• [GIVEN RECORDS]:
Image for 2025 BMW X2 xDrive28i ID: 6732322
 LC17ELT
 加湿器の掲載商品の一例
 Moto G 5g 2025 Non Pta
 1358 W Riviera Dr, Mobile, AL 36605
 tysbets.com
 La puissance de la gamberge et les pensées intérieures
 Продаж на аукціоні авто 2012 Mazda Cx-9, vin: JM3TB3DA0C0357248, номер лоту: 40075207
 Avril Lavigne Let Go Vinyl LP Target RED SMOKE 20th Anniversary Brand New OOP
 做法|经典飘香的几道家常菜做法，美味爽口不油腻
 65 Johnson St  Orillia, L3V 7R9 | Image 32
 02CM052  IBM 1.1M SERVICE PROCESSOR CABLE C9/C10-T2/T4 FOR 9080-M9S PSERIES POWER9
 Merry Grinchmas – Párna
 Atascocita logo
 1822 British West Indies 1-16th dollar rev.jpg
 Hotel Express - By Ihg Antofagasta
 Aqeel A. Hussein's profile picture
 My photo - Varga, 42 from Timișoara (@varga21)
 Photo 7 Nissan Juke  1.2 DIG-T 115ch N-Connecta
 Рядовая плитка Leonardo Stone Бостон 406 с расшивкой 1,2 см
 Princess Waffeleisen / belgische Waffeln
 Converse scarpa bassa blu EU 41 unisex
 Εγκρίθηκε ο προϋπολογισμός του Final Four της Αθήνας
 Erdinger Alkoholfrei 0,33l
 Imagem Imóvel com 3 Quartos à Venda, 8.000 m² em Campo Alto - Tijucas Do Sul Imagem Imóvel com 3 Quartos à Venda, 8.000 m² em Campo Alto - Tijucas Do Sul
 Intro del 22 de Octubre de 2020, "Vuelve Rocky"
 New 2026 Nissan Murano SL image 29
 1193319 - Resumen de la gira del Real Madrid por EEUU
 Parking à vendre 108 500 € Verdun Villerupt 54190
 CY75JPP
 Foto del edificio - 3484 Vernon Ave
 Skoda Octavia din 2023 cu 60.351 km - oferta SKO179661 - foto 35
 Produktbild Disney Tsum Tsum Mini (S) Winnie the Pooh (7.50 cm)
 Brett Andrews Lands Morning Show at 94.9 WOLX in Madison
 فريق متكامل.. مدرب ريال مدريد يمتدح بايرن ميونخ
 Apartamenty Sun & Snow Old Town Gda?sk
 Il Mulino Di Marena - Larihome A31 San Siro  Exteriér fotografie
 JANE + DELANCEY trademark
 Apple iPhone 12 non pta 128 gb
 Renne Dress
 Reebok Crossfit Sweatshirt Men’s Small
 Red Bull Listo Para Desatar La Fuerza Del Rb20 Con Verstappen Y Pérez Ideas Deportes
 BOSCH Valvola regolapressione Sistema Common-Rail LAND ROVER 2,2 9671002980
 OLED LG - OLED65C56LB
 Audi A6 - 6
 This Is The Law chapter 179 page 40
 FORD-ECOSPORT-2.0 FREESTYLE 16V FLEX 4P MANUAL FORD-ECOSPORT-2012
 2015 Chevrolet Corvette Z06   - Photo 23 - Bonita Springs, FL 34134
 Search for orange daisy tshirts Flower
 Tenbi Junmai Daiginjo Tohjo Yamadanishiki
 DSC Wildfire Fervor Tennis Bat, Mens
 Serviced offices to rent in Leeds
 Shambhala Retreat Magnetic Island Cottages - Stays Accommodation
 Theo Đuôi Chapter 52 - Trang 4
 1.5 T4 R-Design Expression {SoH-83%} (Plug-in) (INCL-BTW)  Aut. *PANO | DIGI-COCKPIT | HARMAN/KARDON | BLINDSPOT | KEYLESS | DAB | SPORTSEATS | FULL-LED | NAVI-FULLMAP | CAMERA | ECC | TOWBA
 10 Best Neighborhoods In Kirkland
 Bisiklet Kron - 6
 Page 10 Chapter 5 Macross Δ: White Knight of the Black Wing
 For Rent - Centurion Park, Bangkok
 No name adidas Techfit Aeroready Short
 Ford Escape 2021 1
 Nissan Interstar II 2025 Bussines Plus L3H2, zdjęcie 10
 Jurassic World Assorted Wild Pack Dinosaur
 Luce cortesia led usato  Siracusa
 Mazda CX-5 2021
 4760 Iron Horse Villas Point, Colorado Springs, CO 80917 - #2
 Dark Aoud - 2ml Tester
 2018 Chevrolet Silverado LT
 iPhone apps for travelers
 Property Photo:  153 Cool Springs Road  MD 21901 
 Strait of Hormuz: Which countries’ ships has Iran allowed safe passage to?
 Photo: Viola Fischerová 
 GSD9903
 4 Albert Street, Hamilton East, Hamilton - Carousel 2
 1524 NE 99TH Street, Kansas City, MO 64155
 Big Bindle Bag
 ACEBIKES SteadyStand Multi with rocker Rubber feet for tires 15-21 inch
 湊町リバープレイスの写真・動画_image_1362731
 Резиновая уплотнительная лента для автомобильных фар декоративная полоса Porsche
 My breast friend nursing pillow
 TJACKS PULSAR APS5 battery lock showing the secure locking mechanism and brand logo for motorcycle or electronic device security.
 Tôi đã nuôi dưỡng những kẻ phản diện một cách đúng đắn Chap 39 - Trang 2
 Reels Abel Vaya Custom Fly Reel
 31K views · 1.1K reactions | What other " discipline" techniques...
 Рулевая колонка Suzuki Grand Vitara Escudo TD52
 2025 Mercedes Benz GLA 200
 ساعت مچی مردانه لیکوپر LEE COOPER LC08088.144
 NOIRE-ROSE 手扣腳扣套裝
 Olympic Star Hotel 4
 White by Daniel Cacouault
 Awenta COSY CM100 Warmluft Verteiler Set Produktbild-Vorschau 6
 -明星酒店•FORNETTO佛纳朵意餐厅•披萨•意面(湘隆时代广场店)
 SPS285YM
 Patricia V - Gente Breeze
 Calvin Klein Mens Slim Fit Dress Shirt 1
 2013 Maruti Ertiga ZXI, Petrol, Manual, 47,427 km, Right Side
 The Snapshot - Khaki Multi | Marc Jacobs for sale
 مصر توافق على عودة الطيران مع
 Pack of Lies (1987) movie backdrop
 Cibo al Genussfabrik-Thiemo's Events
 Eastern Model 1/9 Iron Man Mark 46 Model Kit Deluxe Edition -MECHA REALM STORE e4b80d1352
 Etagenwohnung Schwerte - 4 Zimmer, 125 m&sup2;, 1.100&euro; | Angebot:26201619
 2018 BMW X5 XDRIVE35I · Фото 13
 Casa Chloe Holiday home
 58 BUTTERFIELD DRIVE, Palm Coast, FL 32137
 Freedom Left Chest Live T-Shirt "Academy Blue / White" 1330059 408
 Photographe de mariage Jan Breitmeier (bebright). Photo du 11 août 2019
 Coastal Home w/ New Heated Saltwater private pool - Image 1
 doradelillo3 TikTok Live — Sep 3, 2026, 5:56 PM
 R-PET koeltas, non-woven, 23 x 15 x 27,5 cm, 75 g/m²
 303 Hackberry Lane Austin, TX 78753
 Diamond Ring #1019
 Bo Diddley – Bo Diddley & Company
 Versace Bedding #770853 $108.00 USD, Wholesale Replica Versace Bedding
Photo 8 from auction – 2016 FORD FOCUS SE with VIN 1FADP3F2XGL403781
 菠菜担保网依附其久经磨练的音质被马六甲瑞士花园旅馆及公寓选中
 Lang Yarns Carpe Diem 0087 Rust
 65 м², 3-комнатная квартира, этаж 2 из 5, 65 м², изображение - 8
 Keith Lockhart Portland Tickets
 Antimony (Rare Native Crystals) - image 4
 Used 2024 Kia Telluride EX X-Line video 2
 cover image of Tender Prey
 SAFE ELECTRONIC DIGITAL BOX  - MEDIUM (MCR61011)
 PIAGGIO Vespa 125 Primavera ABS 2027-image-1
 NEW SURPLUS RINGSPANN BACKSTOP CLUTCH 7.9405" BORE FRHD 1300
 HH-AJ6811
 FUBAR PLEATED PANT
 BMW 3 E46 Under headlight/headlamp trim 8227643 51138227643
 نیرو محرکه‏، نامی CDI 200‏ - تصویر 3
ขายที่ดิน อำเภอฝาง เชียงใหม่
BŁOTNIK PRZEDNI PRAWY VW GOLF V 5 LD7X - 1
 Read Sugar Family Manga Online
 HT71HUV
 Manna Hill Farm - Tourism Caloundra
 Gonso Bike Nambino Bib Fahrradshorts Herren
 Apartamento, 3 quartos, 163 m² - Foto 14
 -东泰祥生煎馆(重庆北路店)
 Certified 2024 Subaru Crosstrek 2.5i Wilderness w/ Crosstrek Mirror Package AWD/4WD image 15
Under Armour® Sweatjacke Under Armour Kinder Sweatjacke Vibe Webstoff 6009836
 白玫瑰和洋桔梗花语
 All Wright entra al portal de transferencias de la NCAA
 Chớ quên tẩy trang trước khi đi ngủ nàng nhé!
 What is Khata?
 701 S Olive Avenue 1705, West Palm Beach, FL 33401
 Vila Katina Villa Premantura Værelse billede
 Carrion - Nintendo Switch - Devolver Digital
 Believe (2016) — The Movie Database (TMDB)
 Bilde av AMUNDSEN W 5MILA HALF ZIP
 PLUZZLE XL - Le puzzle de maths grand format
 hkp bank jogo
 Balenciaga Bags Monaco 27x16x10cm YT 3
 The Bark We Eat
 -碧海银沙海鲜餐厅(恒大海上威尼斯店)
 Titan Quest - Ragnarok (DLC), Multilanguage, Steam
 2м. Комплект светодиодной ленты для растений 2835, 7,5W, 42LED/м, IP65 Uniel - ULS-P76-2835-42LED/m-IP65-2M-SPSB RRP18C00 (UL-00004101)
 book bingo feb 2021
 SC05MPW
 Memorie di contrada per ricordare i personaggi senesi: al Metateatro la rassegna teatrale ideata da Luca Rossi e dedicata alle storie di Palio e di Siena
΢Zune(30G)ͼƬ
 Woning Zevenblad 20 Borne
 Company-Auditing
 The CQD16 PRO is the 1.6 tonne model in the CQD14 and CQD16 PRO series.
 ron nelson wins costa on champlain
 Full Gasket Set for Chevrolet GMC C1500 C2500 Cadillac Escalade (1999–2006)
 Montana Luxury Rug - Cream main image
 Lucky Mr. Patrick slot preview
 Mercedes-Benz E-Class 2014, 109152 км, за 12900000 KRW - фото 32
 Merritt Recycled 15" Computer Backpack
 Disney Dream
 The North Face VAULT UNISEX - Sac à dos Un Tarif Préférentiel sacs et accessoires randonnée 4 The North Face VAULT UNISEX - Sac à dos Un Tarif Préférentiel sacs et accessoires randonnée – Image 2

• [GOAL OF THE EXERCISE]:
Your task is to restate, word for word, only those lines above that fall between the line holding "Atascocita logo" and the line holding "Theo Đuôi Chapter 52 - Trang 4", inclusive.

• [OUTPUT FOR THIS TASK]:
 Atascocita logo
 1822 British West Indies 1-16th dollar rev.jpg
 Hotel Express - By Ihg Antofagasta
 Aqeel A. Hussein's profile picture
 My photo - Varga, 42 from Timișoara (@varga21)
 Photo 7 Nissan Juke  1.2 DIG-T 115ch N-Connecta
 Рядовая плитка Leonardo Stone Бостон 406 с расшивкой 1,2 см
 Princess Waffeleisen / belgische Waffeln
 Converse scarpa bassa blu EU 41 unisex
 Εγκρίθηκε ο προϋπολογισμός του Final Four της Αθήνας
 Erdinger Alkoholfrei 0,33l
 Imagem Imóvel com 3 Quartos à Venda, 8.000 m² em Campo Alto - Tijucas Do Sul Imagem Imóvel com 3 Quartos à Venda, 8.000 m² em Campo Alto - Tijucas Do Sul
 Intro del 22 de Octubre de 2020, "Vuelve Rocky"
 New 2026 Nissan Murano SL image 29
 1193319 - Resumen de la gira del Real Madrid por EEUU
 Parking à vendre 108 500 € Verdun Villerupt 54190
 CY75JPP
 Foto del edificio - 3484 Vernon Ave
 Skoda Octavia din 2023 cu 60.351 km - oferta SKO179661 - foto 35
 Produktbild Disney Tsum Tsum Mini (S) Winnie the Pooh (7.50 cm)
 Brett Andrews Lands Morning Show at 94.9 WOLX in Madison
 فريق متكامل.. مدرب ريال مدريد يمتدح بايرن ميونخ
 Apartamenty Sun & Snow Old Town Gda?sk
 Il Mulino Di Marena - Larihome A31 San Siro  Exteriér fotografie
 JANE + DELANCEY trademark
 Apple iPhone 12 non pta 128 gb
 Renne Dress
 Reebok Crossfit Sweatshirt Men’s Small
 Red Bull Listo Para Desatar La Fuerza Del Rb20 Con Verstappen Y Pérez Ideas Deportes
 BOSCH Valvola regolapressione Sistema Common-Rail LAND ROVER 2,2 9671002980
 OLED LG - OLED65C56LB
 Audi A6 - 6
 This Is The Law chapter 179 page 40
 FORD-ECOSPORT-2.0 FREESTYLE 16V FLEX 4P MANUAL FORD-ECOSPORT-2012
 2015 Chevrolet Corvette Z06   - Photo 23 - Bonita Springs, FL 34134
 Search for orange daisy tshirts Flower
 Tenbi Junmai Daiginjo Tohjo Yamadanishiki
 DSC Wildfire Fervor Tennis Bat, Mens
 Serviced offices to rent in Leeds
 Shambhala Retreat Magnetic Island Cottages - Stays Accommodation
 Theo Đuôi Chapter 52 - Trang 4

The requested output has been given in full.